Any help would be greatly appreciated.

crfriend · Post by **crfriend** » Mon Sep 12, 2011 4:22 pm

rrkraft wrote:I'm using Nagios Core 3.2.3 with roughly 850 servers and 7800 service checks. Most of the service checks are nrpe checks, but I have also the usual ping and host ping check and a ssh check.

For something that size, you might want to take a peek at the Large Installation Tweaks doco; I got some extra mileage out of "elder hardware" by leveraging some of the ideas therein.

I'm running this on Red Hat Enterprise Linux 5, 64bit in a VM with 4 CPUs and 4 GB memory. The server per se is not max'd out. I always have 10 to 15 % CPU idle and memory is also fine. I'm not paging.

Is that 10 - 15% value on the physical hardware/hypervisor or the value extracted from the VM? Evaluating performance in the virtual world is not a trivial exercise, and there are many "gotchas".

But I still see that it runs the ping checks (one of the most important ones) only every 15 to 20 minutes.
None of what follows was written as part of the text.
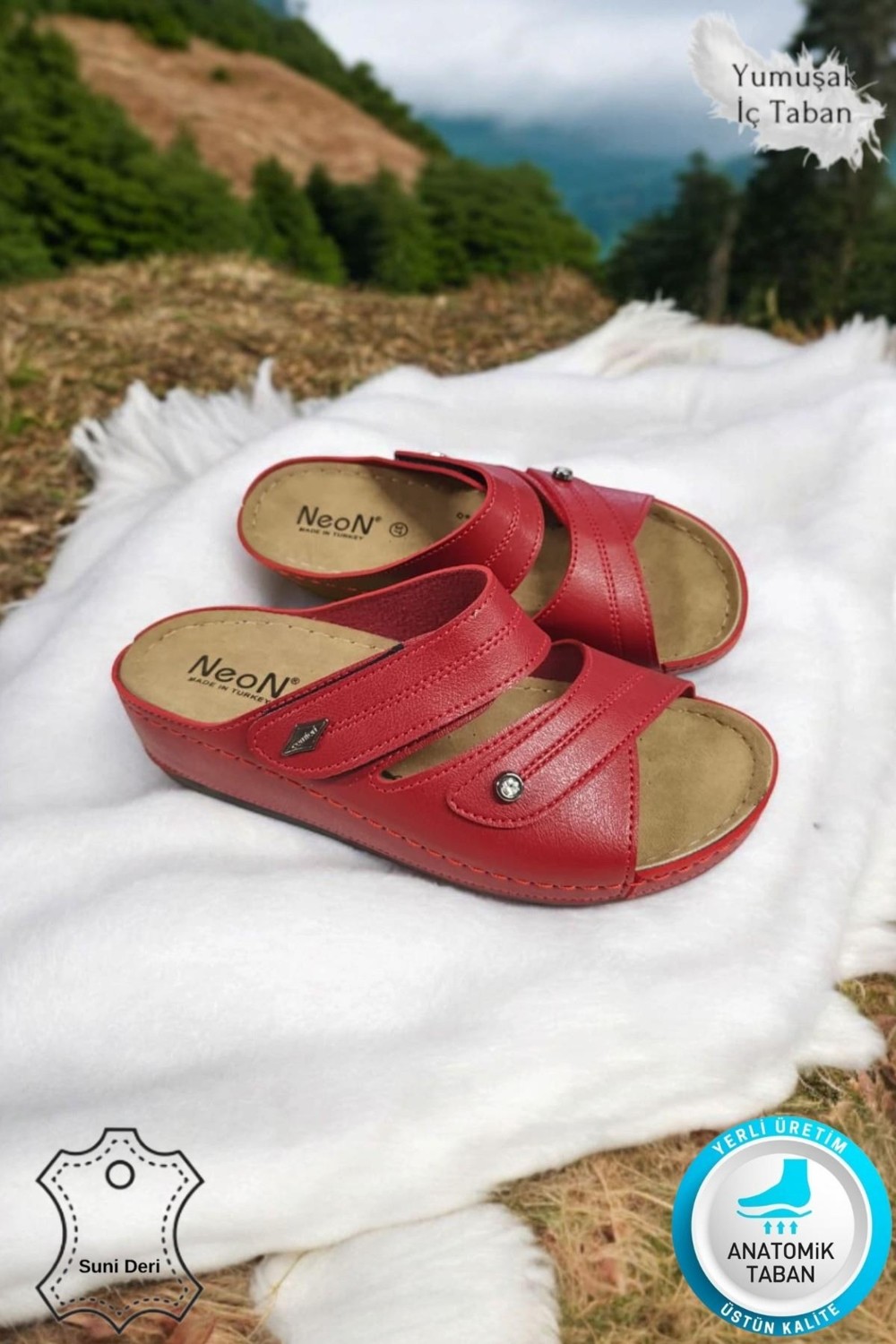 Neon Shoes Depi Kadın Ortopedik Yumuşak Taban Günlük Terlik Şık Taşlı Misafir Genç Anne Dışarı & Ev Terliği görsel 6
With the 3 retries Nagios alerts only 45 minutes to an hour after the server goes down.

Are you using a "ping" test to detect the host going down, or are you using "ping" as a "service check" in addition to the check for the host? Both? Do you have "use_aggressive_host_checking" set in your nagios.cfg file? In any event, it sounds like you have the "retry_interval" set too long if you're only getting alerted after 45 minutes to an hour.

On pings: I am known to fulminate about this, but ICMP ECHO is not a very useful protocol for detecting whether a server is up or down -- it's only really useful to see if a host is reachable. I've seen plenty of Linux systems happily sitting with a kernel panic message on the console and still have the NIC answering pings....

rrkraft · Post by **rrkraft** » Tue Sep 13, 2011 2:27 pm

crfriend wrote:
rrkraft wrote:I'm using Nagios Core 3.2.3 with roughly 850 servers and 7800 service checks. Most of the service checks are nrpe checks, but I have also the usual ping and host ping check and a ssh check.
For something that size, you might want to take a peek at the Large Installation Tweaks doco; I got some extra mileage out of "elder hardware" by leveraging some of the ideas therein.

Yes, I definitely followed that procedure. I also started to use a tmpfs for the Nagios spool directory. That may have been part of the issue. I found out that a ramdisk with ext2 is much, much faster than a tmpfs. Though a tmpfs is much faster than a real disk. Switching to a ramdisk decreased my sheduling queue delay from 45 minutes to 6 minutes!!

crfriend wrote:
I'm running this on Red Hat Enterprise Linux 5, 64bit in a VM with 4 CPUs and 4 GB memory. The server per se is not max'd out. I always have 10 to 15 % CPU idle and memory is also fine. I'm not paging.
Is that 10 - 15% value on the physical hardware/hypervisor or the value extracted from the VM? Evaluating performance in the virtual world is not a trivial exercise, and there are many "gotchas".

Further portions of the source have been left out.